Here, Hernandez is quick to point out that Cottrell's preemption argument has already been rejected several times. [See 68 at 10-11 (citing cases).] In those cases, the vast majority of which were sua sponte remands, the courts found no preemption primarily based on two related facts: (1) Cottrell was not a party to the CBA; and (2) Cottrell's duties did not arise out of the CBA. See, e.g., Lewis v. Cottrell, Inc., No. WMN-11-2632, 2012 WL 3144625, at *3 (D. Md. July 30, 2012) (citing Longstreet v. Cottrell, Inc., No. 11-CV-1125 (S.D. Ill. Apr. 23, 2012)). Cottrell admits these facts but argues that they are not dispositive. The Court agrees. First, "non-signatories to a CBA can invoke § 301 as a defense to a plaintiff's state law claims." Stringer v. NFL, 474 F. Supp. 2d 894, 901-02 (S.D. Ohio 2007) (collecting cases). Second, "preemption is still possible even if the duty on which the claim is based arises independently of the CBA, so long as resolution of the claim requires interpretation of the CBA." Duerson v. NFL, Inc., No. 12 C 2513, 2012 WL 1658353, at *4 (N.D. Ill. May 11, 2012) (citing In re Bentz, 253 F.3d at 286).

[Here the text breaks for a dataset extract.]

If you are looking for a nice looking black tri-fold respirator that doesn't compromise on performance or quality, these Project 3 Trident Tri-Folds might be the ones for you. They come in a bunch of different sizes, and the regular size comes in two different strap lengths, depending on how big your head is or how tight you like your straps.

Cottrell pushes the argument even further and contends that it is analogous to the NFL in Stringer and Duerson, where similar preemption arguments were upheld. Here, the Court disagrees. In those cases, the analogous defendant is not the NFL, but rather Riddell, the NFL's equipment manufacturer. In Duerson, the court did not analyze the claims against Riddell regarding preemption. See 2012 WL 1658353, at *6 (exercising supplemental jurisdiction over those claims). And in Stringer, the court found that, unlike some of the negligence claims against the NFL, the products liability claims against Riddell were not preempted. See 474 F. Supp. 2d at 914-15.

The Stringer court found that one negligence claim against the NFL—namely, that the NFL breached a duty to ensure that required equipment was safe—was not preempted. See 474 F. Supp. 2d at 912 (finding no need to interpret CBA provision providing for joint committee on player safety).

Cottrell attempts to distinguish the discussion of Riddell in Stringer by arguing that there, unlike here, the "CBA had no specific equipment requirements, specifications or specific undertaking to assess the product at issue." [48 at 12 n.1.] But the only issue is whether the resolution of plaintiff's product liability claims "requires the interpretation of the CBA. Atchley, 101 F.3d at 499. Here, as in Stringer, it does not.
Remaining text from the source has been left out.